==== Dataset records ====
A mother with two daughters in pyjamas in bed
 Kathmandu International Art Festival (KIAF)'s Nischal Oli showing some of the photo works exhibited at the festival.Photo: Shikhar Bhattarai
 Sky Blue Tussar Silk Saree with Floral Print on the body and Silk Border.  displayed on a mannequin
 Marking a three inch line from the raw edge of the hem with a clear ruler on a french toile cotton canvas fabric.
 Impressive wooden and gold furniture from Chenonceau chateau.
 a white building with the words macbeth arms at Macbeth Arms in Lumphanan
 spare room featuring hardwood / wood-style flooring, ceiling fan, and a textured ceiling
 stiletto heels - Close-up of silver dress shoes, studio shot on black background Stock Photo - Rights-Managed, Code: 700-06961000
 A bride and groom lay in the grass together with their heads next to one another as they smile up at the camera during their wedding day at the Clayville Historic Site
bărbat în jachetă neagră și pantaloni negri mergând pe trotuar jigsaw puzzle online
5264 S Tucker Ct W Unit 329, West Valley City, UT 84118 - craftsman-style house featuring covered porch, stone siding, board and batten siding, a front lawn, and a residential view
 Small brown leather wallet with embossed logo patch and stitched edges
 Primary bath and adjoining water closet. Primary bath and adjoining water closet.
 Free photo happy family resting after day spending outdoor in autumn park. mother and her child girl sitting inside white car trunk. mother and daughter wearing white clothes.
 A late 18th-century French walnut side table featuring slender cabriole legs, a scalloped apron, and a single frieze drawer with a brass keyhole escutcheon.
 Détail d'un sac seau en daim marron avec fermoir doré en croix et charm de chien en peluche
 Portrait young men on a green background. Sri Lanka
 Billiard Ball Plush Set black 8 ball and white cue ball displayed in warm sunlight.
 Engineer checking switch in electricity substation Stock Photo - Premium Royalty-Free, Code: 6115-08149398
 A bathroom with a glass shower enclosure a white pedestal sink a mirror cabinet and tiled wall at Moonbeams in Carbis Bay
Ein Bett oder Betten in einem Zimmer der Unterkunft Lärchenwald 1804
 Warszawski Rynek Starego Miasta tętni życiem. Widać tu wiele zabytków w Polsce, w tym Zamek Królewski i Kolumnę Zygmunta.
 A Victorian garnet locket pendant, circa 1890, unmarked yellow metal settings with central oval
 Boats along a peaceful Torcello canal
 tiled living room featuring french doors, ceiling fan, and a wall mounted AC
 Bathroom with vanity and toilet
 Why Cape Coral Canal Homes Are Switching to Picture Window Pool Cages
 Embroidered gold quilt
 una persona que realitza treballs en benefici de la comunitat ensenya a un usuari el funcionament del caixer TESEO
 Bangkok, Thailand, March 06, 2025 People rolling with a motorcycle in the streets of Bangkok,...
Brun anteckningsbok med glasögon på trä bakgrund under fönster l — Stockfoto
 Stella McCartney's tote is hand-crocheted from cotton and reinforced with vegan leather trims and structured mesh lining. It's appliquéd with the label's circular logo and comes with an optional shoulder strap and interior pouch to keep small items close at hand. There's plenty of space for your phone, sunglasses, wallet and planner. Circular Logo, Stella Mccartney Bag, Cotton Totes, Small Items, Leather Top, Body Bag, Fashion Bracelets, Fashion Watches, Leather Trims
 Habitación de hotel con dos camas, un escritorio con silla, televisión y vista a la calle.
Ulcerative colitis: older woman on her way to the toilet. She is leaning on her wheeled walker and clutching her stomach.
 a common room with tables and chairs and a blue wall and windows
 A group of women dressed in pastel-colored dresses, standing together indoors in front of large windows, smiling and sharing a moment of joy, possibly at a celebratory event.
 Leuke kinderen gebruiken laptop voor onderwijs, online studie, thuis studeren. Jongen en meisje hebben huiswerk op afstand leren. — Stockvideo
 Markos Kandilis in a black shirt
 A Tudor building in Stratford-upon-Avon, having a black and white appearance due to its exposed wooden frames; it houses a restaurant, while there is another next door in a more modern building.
====
** Exercise directions **
Set down, unchanged, only those lines above that fall between the line with "A Victorian garnet" and the line with "Bangkok, Thailand, March", the two end lines included.

** Reply to the exercise **
 A Victorian garnet locket pendant, circa 1890, unmarked yellow metal settings with central oval
 Boats along a peaceful Torcello canal
 tiled living room featuring french doors, ceiling fan, and a wall mounted AC
 Bathroom with vanity and toilet
 Why Cape Coral Canal Homes Are Switching to Picture Window Pool Cages
 Embroidered gold quilt
 una persona que realitza treballs en benefici de la comunitat ensenya a un usuari el funcionament del caixer TESEO
 Bangkok, Thailand, March 06, 2025 People rolling with a motorcycle in the streets of Bangkok,...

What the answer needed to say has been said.